С того дня стали замечать, что Любашка все мимо Матрениного дома норовит пройти – за водой стала к Копаньке ходить, хотя всегда раньше в другой конец к Космодемьянской ходила. Словом, покорил ее, видать, старый. Задел там что-то, зацепил девичье. Ну а потом уж и сплетни пошли, что ходит он к ней ночами. Шепоток шепотком, а проверить никому охоты не было, старый, говорили, и наган при себе таскал – кому хочется с жизнью расстаться.
Так они недели полторы всего и побаловались – Любушка расцвела, что мой сиренев куст: и походка у ней сменилась, то все бегала по-девичьи, а тут плавать стала, что пава, и глаза, глаза – не проведешь, такая в них бесинка счастливая зажглась… Но конец всему приходит. Приехал Серафим Данилович, да на несчастье свое не вовремя, ночью – все-то уж спали в слободе. Зашел, а они там – застукал как есть. Но что он такое супротив пахана лагерного? Как уж тот, не знаю, а скрутил мужика, а ее, голубушку, затолкал в чулан и наказал молчать. И отчего, почему ему в голову вступило, ну да они же люди бессердечные – зэки эти, только девчонка по глупости да по молодости ему поверила, короче, стоял в их доме в углу сундук старинный, окованный, в нем все девичье приданое: бусы там, монисты, деньги тоже небось были. Вот он сундук опорожнил, набил себе торбу, а Серафима Даниловича-то, лишив панталон, прямо к сундуку, за подвески-то мужские, ирод бессердечный, и приковал. Защемил, ключом запер, а ключ в окошко выкинул, а на крышку-то сундука положил любимую Серафимову трофейную бритву. Положил и был таков – больше его с молодым и не видели. Обокрал, значит, приковал и дал деру.

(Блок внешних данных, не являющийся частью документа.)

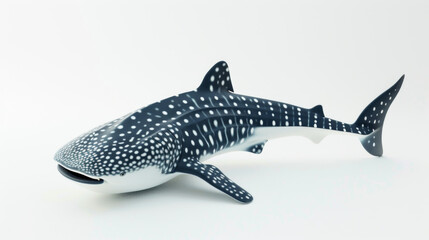 Obraz premium Highly detailed 3D model of a whale shark against a plain white background, illustrating marine life and underwater creatures.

Серафим Данилович, сказывают, от боли дара речи лишился: помыкивает, но ни крикнуть, ни сказать человеческим языком – железом каленым отдается, а Любаша в чулане заперта – ждет-боится-гадает-молится – всех святых поминает. Но долго так не выдержать – видно, защемило ему худо, набухать пошло. Схватил мужик бритву – да ать себя, и освободил на всю остатнюю жизнь. Тогда и завопил. И она в чулане заголосила – почуяла нехорошее. Народ сбежался – как-то бабки кровь заговорили, выходили его. А как Любушку из чулана освободили, так ведь сперва закричала, не разобравшись: «Не бейте моего Николая (так, стало быть, пахана звали), я, я во всем виновата!» Ну уж а как увидала да поняла, брякнулась в обморок, и с год, почитай, слова никто от нее не слышал. Потом постепенненько разговорилась.

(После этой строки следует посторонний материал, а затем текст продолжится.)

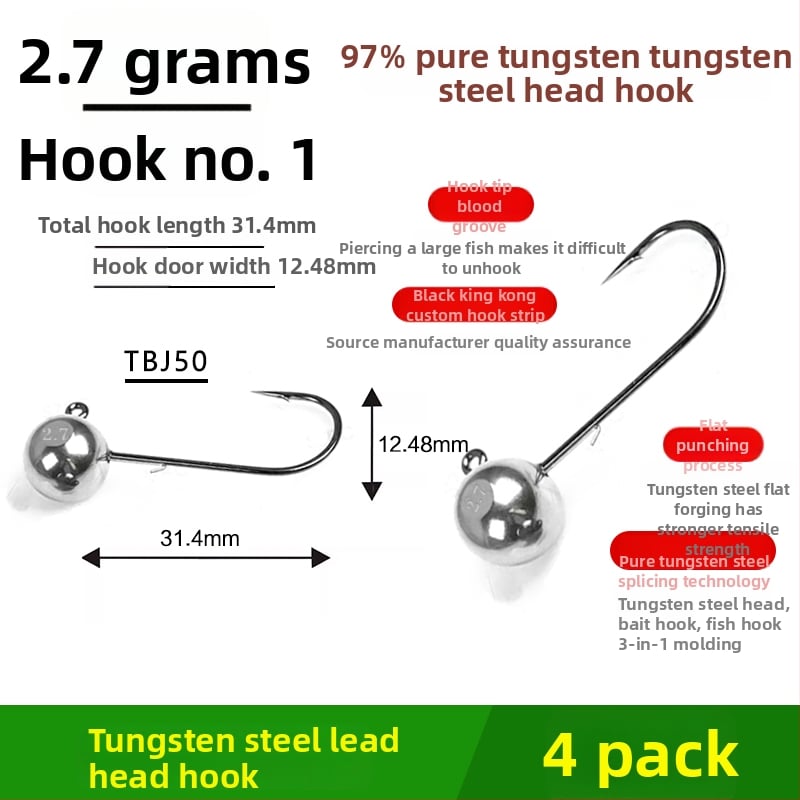 Cârlig de pescuit cu cap de oțel wolfram, fără cârlig, pentru biban negru, anti-încâlcire, pescuit în lac rezervoar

Отец матушкин тогда приходил к Серафиму Даниловичу, просил прогнать девку, но тот не дал. Не прогнал, оставил при себе в служках, но на людях с ней не говорит почти, все больше жестами, а как там дома – нам неведомо. Наказал только на пятьдесят лет отлучением от церкви. А там ведь две тысячи первый год – а у них на тот год Страшный суд напророчен.

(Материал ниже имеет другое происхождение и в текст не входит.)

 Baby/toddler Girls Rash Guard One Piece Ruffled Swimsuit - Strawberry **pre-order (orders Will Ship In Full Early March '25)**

Сам то ведь вряд ли доживет – последнее время болеть стал, но никого в дом не допускает – она за ним и ходит.
Так и живут.
Он с той поры больше бритвы в руки не брал – община их целиком содержит, а он у них как чуть ли не святой почитается, из других городов к нему ездят – грехи небось им отпускает и руками, сказывают, раков изгоняет. А она, бедняжечка, вся с той поры в черном, как монашечка. И все стоит на коленях У окошка, вымаливает себе прощенье. Вот бы отпустил ее с Богом, матушку-то Любовь, какая ему с нее польза, никак их не понять.